Tra il vestibolo e l’altare piangano

i sacerdoti, ministri del Signore, e dicano:

«Perdona, Signore, al tuo popolo

e non esporre la tua eredità al ludibrio

e alla derisione delle genti».

Perché si dovrebbe dire fra i popoli:

«Dov’è il loro Dio?».

Il Signore si mostra geloso per la sua terra

e si muove a compassione del suo popolo.

Salmo Responsoriale  Dal Salmo 50

Perdonaci, Signore: abbiamo peccato.

Pietà di me, o Dio, nel tuo amore;

nella tua grande misericordia

cancella la mia iniquità.

Lavami tutto dalla mia colpa,

dal mio peccato rendimi puro.

Sì, le mie iniquità io le riconosco,

il mio peccato mi sta sempre dinanzi.

Contro di te, contro te solo ho peccato,

quello che è male ai tuoi occhi, io l’ho fatto.

Crea in me, o Dio, un cuore puro,

rinnova in me uno spirito saldo.

Non scacciarmi dalla tua presenza

e non privarmi del tuo santo spirito.

Rendimi la gioia della tua salvezza,

sostienimi con uno spirito generoso.

Signore, apri le mie labbra

e la mia bocca proclami la tua lode.

Seconda Lettura  2 Cor 5,20-6,2

Dalla seconda lettera di san Paolo apostolo ai Corinzi

Fratelli, noi, in nome di Cristo, siamo ambasciatori: per mezzo nostro è Dio stesso che esorta. Vi supplichiamo in nome di Cristo: lasciatevi riconciliare con Dio. Colui che non aveva conosciuto peccato, Dio lo fece peccato in nostro favore, perché in lui noi potessimo diventare giustizia di Dio.

Poiché siamo suoi collaboratori, vi esortiamo a non accogliere invano la grazia di Dio. Egli dice infatti:

«Al momento favorevole ti ho esaudito

e nel giorno della salvezza ti ho soccorso».

Ecco ora il momento favorevole, ecco ora il giorno della salvezza!

Vangelo  Mt 6,1-6.16-18

Dal vangelo secondo Matteo

In quel tempo, Gesù disse ai suoi discepoli:

«State attenti a non praticare la vostra giustizia davanti agli uomini per essere ammirati da loro, altrimenti non c’è ricompensa per voi presso il Padre vostro che è nei cieli.

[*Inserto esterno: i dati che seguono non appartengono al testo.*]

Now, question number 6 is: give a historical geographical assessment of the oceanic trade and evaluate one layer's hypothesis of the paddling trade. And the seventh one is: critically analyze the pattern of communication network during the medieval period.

Dunque, quando fai l’elemosina, non suonare la tromba davanti a te, come fanno gli ipòcriti nelle sinagoghe e nelle strade, per essere lodati dalla gente. In verità io vi dico: hanno già ricevuto la loro ricompensa. Invece, mentre tu fai l’elemosina, non sappia la tua sinistra ciò che fa la tua destra, perché la tua elemosina resti nel segreto; e il Padre tuo, che vede nel segreto, ti ricompenserà.

E quando pregate, non siate simili agli ipòcriti che, nelle sinagoghe e negli angoli delle piazze, amano pregare stando ritti, per essere visti dalla gente. In verità io vi dico: hanno già ricevuto la loro ricompensa. Invece, quando tu preghi, entra nella tua camera, chiudi la porta e prega il Padre tuo, che è nel segreto; e il Padre tuo, che vede nel segreto, ti ricompenserà.

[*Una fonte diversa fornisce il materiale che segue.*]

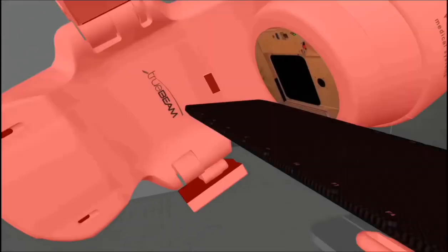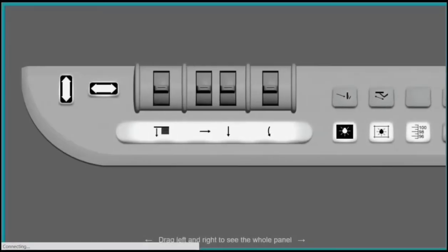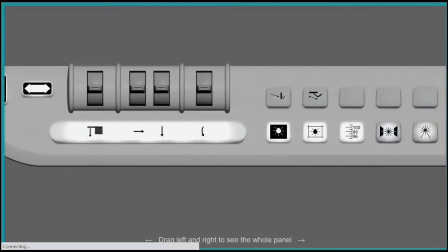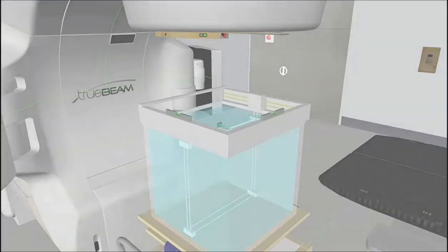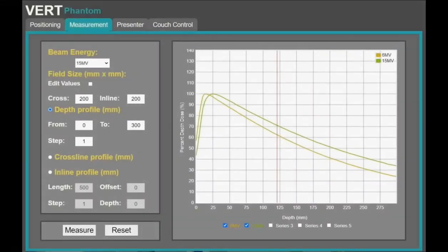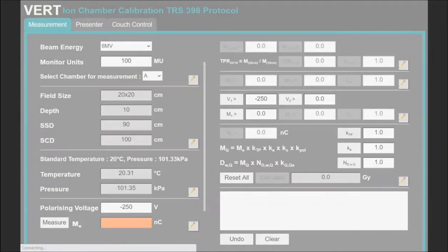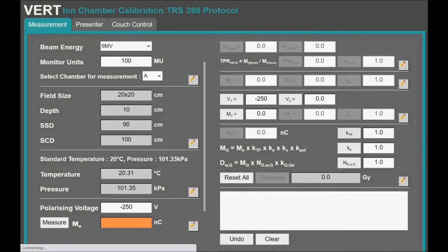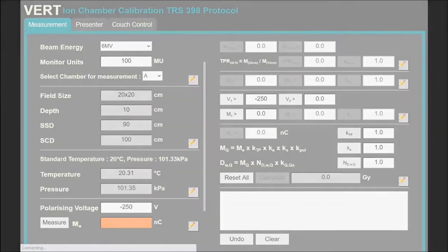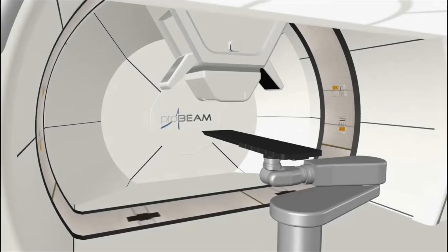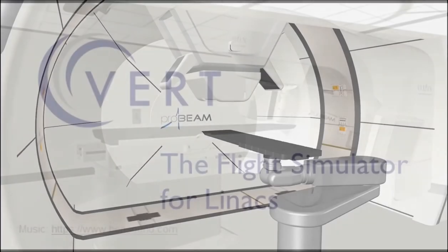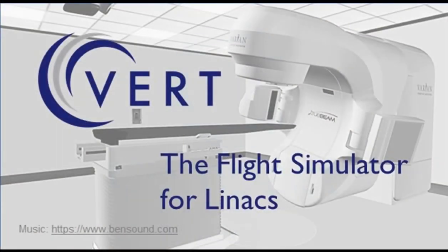What this video shows you is a fraction of what the VIRT system can do and how it can help you take your service to the next level. We also offer a QA module, a physics module and a proton module. If you would like more information, please contact your sales representative to book a demonstration. Thank you.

E quando digiunate, non diventate malinconici come gli ipòcriti, che assumono un’aria disfatta per far vedere agli altri che digiunano. In verità io vi dico: hanno già ricevuto la loro ricompensa. Invece, quando tu digiuni, profùmati la testa e làvati il volto, perché la gente non veda che tu digiuni, ma solo il Padre tuo, che è nel segreto; e il Padre tuo, che vede nel segreto, ti ricompenserà».